Readings and Book Talks

Roy Blount Jr, Alphabetter Juice: or, The Joy of Text
Cheré Dastugue Coen,
      Get Your Mojo Working: Creating Spellbinding Gris Gris Bags & Sachets
Freddi Williams Evans, Congo Square: African Roots in New Orleans
R. Reese Fuller, Angola to Zydeco: Louisiana Lives
Shannon Frystak, Our Minds on Freedom:
      Women and the Struggle for Black Equality in Louisiana, 1924-1967

      Made possible through a grant from the Louisiana Endowment for the Humanities
Oliver A. Houck, Down on the Batture
Ian McNulty, Louisiana Rambles
Cokie and Steven Roberts, Our Haggadah: Uniting Traditions for Interfaith Families

Discussions

Culture After the Hurricanes: Rhetoric and Reinvention of the Gulf Coast
M. B. Hackler, Keagan Lejeune and Benjamin Morris

The Current State of New Orleans Music
Keith Spera, Groove Interrupted: Loss, Renewal and the Music of New Orleans
John Swenson, The New Atlantis: Musicians Battle for the Survival of New Orleans
with Jan Ramsey moderating

Dictionary of Louisiana French:
As Spoken in Cajun, Creole and American Indian Communities

Barry Jean Ancelet, Thomas A. Klingler, Amanda LaFleur, Tamara Lindner, Michael Picone, Kevin Rottet and Albert Valdman

Loss of Wetlands, Loss of Identity
David Burley, Losing Ground: Identity and Land Loss in Coastal Louisiana
Donald W. Davis, Washed Away?:The Invisible Peoples of Louisiana’s Wetlands
Kelby Ouchley, Bayou Diversity: Nature and People in the Louisiana Bayou Country
with Keith Ouchley moderating.

New Interpretations of Twentieth Century Race and Race Relations
Tom Aiello, Shannon Frystak and Michael S. Martin

New Orleans: What Can’t Be Lost
This anthology's 88 stories represent the piano keys of New Orleans culture bearers in this literary love song to the city they call home. Jason Berry, Simonette Berry and Joshua Clark join editor Lee Barclay to sound their tonal tributes, all sharp, none flat.

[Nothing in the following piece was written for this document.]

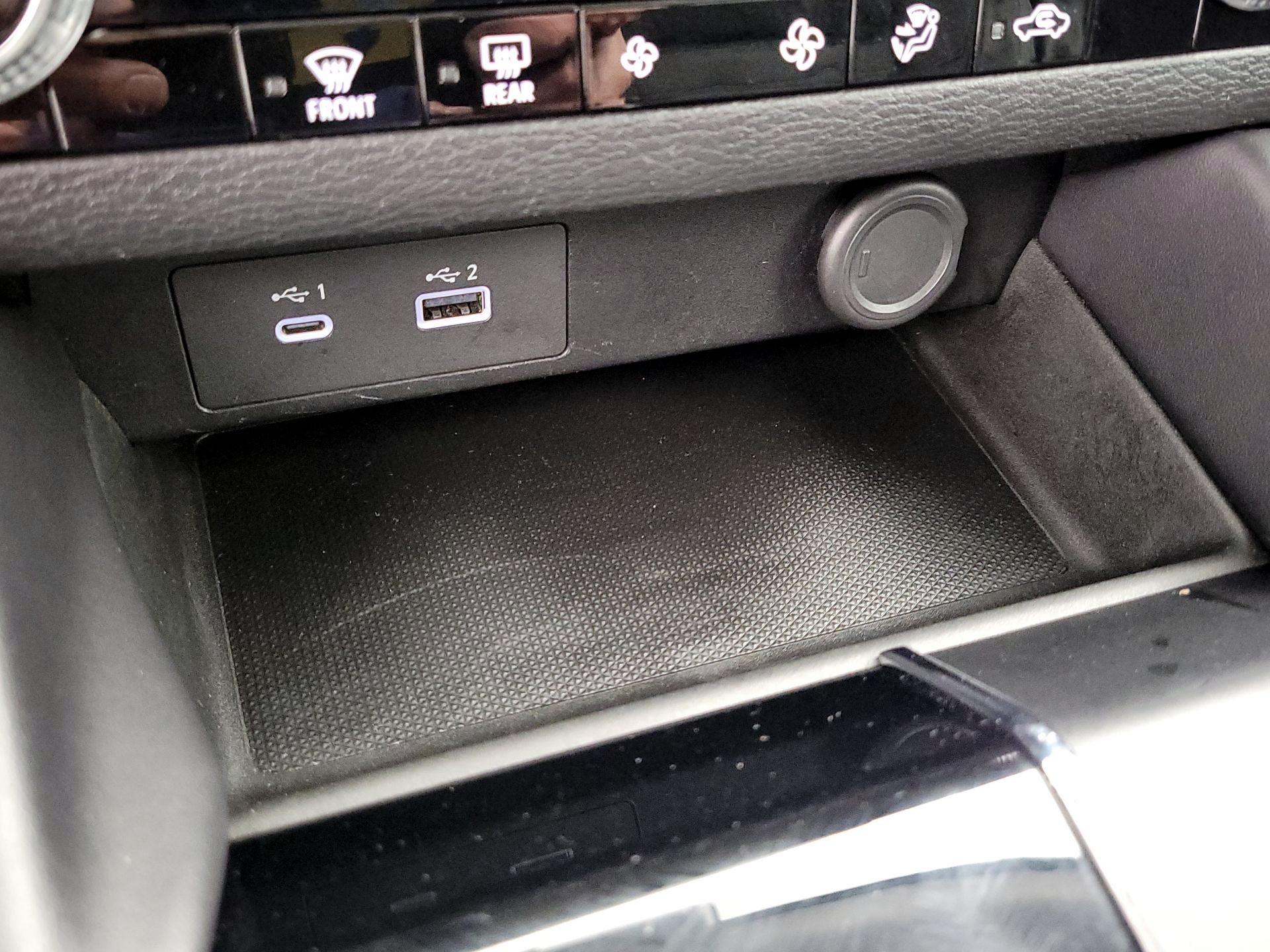 Thumbnail: 2023 Mitsubishi Outlander - 19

Two Decades-Plus of Louisiana Cultural Vistas
Since 1990, encompassing more than 7,000 pages, Louisiana Cultural Vistas magazine has documented Louisiana’s arts, culture, history and literature. The magazine is winner of more than 100 awards from the New Orleans Press Club including Best Publication. From Huey Long and Hank Williams to Cajun Mardi Gras to Hurricane Katrina, no other publication in the state has shed more scholarly insight into all that makes Louisiana unique. Join the publication’s editors, Michael Sartisky and David Johnson, and two freelance contributors, Cheryl Gerber and Ben Sandmel, for a discussion of this one-of-a-kind magazine.

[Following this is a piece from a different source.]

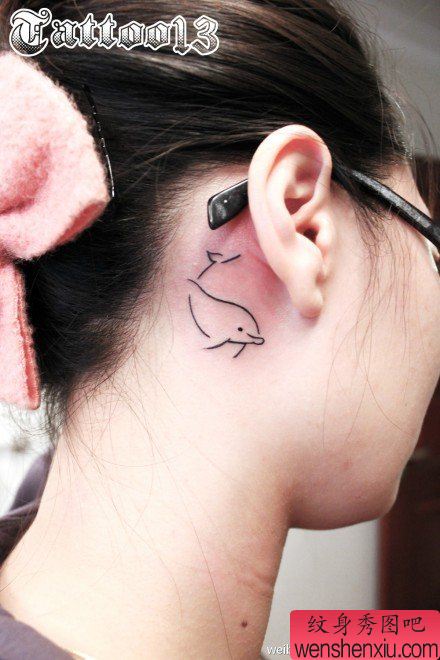 女生耳部小巧流行的图腾小海豚纹身图案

Worth a Thousand Words: Picturing Catharsis
While many books have featured images of Hurricane Katrina, two recent publications focus not so much on the physical damage, but on the catharsis that accompanies such epic suffering. Jennifer Shaw, author of Hurricane Story, and Katheryn Krotzer Laborde, who wrote Do Not Open: The Discarded Refrigerators of Post-Katrina New Orleans, discuss the visual portrayals of emotional release, whether private or public, individual or collective, in their photo-rich books about evacuation and recovery. John Lawrence of the Historic New Orleans Collection moderates.

Screenings

Screening
Native Waters: A Chitimacha Recollection
The film Native Waters takes the viewer on a journey into the sacred places of the Basin with author and keeper of his family’s oral tradition Roger Stouff, a fisherman descended from “a long and distinguished lineage of fishermen within a nation of fishermen,” as he provides native stories, beliefs and perspectives about this important and often overlooked people. Director and producer Tika Laudun will introduce the film.

Veins in the Gulf:
A Documentary Film About the Disappearing Coastline of Southern Louisiana

Filmmakers Elizabeth Coffman and Ted Hardin, joined by author Martha Serpas, present this documentary that traces the environmental crisis of southern Louisiana, the history of Cajun culture, and rapidly disappearing bayous.  We witness the community trying to solve its environmental crisis and relentlessly searching for strategies to restore the coastline.